## PROBLEM REQUIREMENTS
Please set down exactly the lines of the listing below from the line containing "เสื้อยืดผู้หญิงคอกลมแขนสั้น สีมัดย้อม ดีไซน์สบายในฤดูร้อน" through the line containing "Lüks çizgileri olan", both lines included, leaving out all other lines.
*** Opening of TASK INPUTS ***
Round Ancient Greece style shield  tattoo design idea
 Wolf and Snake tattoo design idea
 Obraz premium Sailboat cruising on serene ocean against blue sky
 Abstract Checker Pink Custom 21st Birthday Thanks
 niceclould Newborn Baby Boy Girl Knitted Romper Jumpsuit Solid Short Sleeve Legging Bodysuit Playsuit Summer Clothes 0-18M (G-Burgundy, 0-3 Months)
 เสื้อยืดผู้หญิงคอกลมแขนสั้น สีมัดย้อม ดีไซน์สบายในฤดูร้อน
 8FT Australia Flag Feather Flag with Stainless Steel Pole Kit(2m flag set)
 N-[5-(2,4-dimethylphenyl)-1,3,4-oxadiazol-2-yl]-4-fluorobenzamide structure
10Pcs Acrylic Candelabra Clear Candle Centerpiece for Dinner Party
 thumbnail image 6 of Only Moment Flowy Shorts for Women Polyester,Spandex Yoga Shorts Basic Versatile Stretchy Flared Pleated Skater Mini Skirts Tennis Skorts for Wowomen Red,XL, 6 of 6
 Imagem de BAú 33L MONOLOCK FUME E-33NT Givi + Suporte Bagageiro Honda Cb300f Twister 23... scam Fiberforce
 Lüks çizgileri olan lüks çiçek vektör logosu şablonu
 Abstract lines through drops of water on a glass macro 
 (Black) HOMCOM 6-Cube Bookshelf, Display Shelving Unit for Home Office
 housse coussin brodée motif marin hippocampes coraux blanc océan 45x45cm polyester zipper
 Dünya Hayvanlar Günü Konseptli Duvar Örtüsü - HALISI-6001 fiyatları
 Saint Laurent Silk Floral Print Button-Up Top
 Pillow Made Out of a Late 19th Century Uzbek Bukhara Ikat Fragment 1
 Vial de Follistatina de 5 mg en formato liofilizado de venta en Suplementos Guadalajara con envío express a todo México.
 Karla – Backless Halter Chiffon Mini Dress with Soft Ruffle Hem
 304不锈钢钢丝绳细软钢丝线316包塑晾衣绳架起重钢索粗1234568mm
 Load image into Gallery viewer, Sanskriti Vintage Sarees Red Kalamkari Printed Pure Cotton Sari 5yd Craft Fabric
*** Close of TASK INPUTS ***
## SOLUTION
 เสื้อยืดผู้หญิงคอกลมแขนสั้น สีมัดย้อม ดีไซน์สบายในฤดูร้อน
 8FT Australia Flag Feather Flag with Stainless Steel Pole Kit(2m flag set)
 N-[5-(2,4-dimethylphenyl)-1,3,4-oxadiazol-2-yl]-4-fluorobenzamide structure
10Pcs Acrylic Candelabra Clear Candle Centerpiece for Dinner Party
 thumbnail image 6 of Only Moment Flowy Shorts for Women Polyester,Spandex Yoga Shorts Basic Versatile Stretchy Flared Pleated Skater Mini Skirts Tennis Skorts for Wowomen Red,XL, 6 of 6
 Imagem de BAú 33L MONOLOCK FUME E-33NT Givi + Suporte Bagageiro Honda Cb300f Twister 23... scam Fiberforce
 Lüks çizgileri olan lüks çiçek vektör logosu şablonu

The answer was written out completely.